## BRIEF
A verbatim reproduction of the following listing is required; omit the pictures.

[DATA FOR THE TASK]

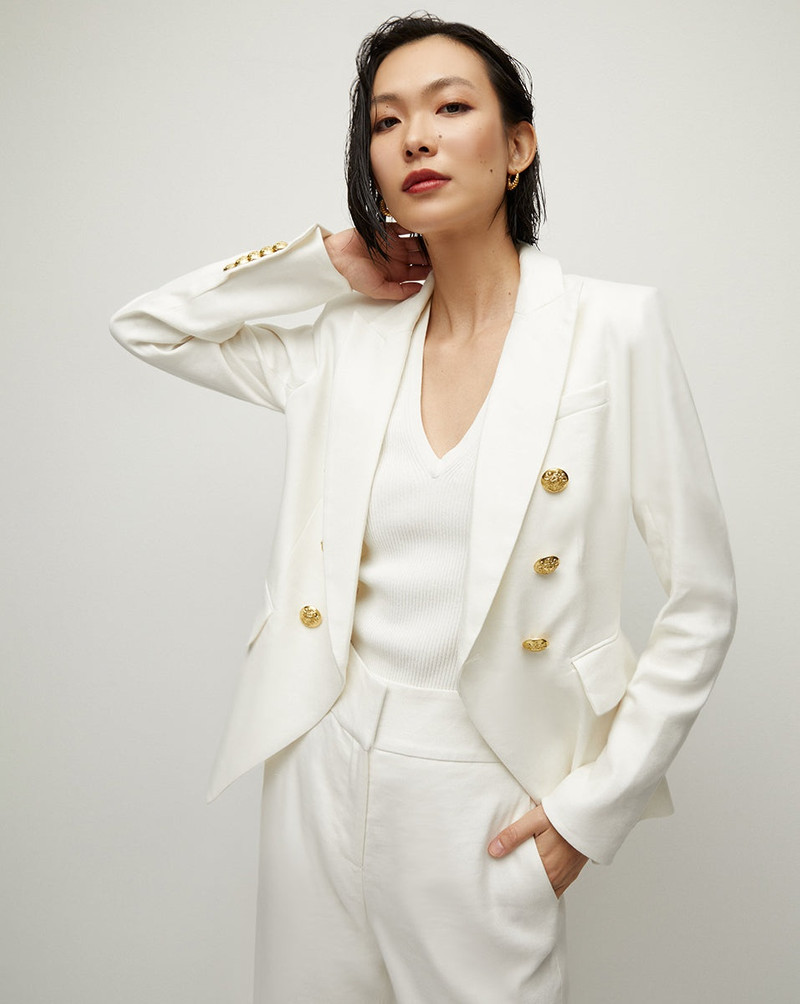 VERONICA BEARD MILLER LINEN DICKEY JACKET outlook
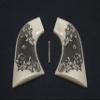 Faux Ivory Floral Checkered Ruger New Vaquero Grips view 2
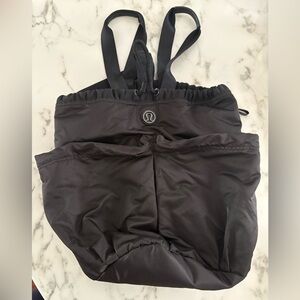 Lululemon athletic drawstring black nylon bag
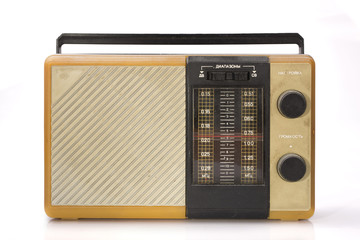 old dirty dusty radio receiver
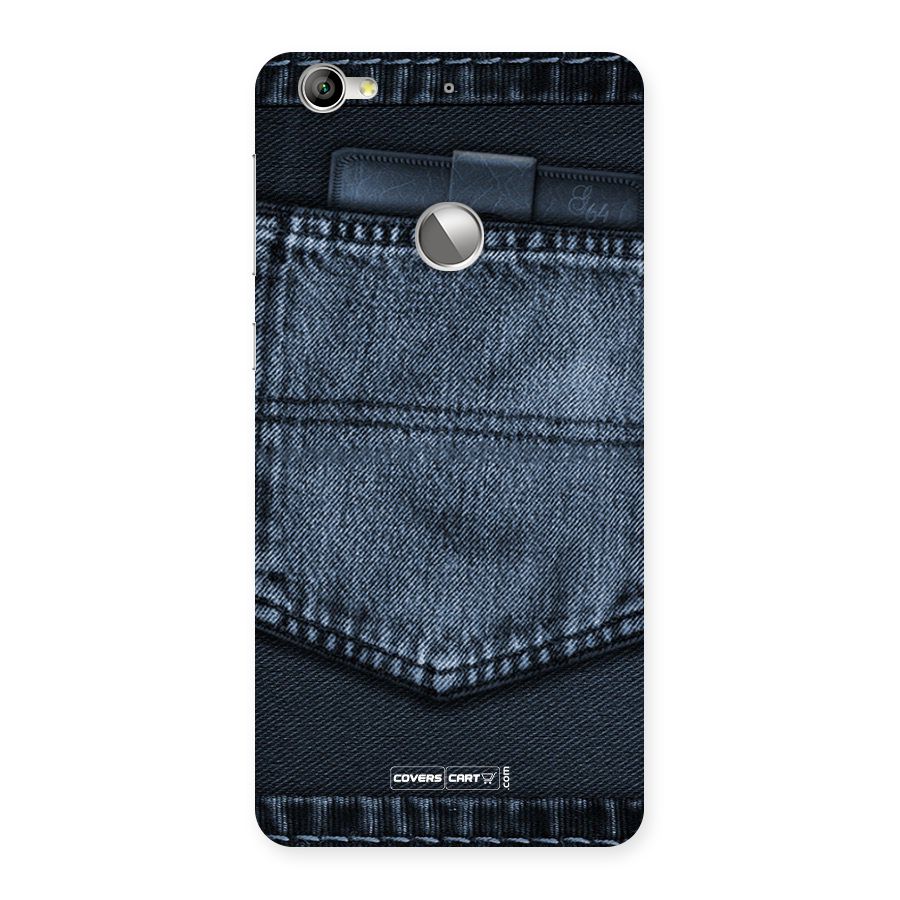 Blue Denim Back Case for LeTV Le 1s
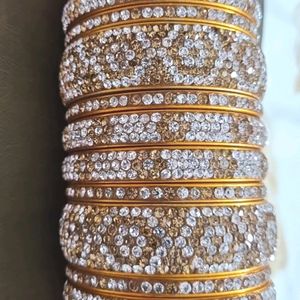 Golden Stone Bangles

[/DATA FOR THE TASK]

## EXERCISE RESPONSE
 VERONICA BEARD MILLER LINEN DICKEY JACKET outlook
 Faux Ivory Floral Checkered Ruger New Vaquero Grips view 2
 Lululemon athletic drawstring black nylon bag
 old dirty dusty radio receiver
 Blue Denim Back Case for LeTV Le 1s
 Golden Stone Bangles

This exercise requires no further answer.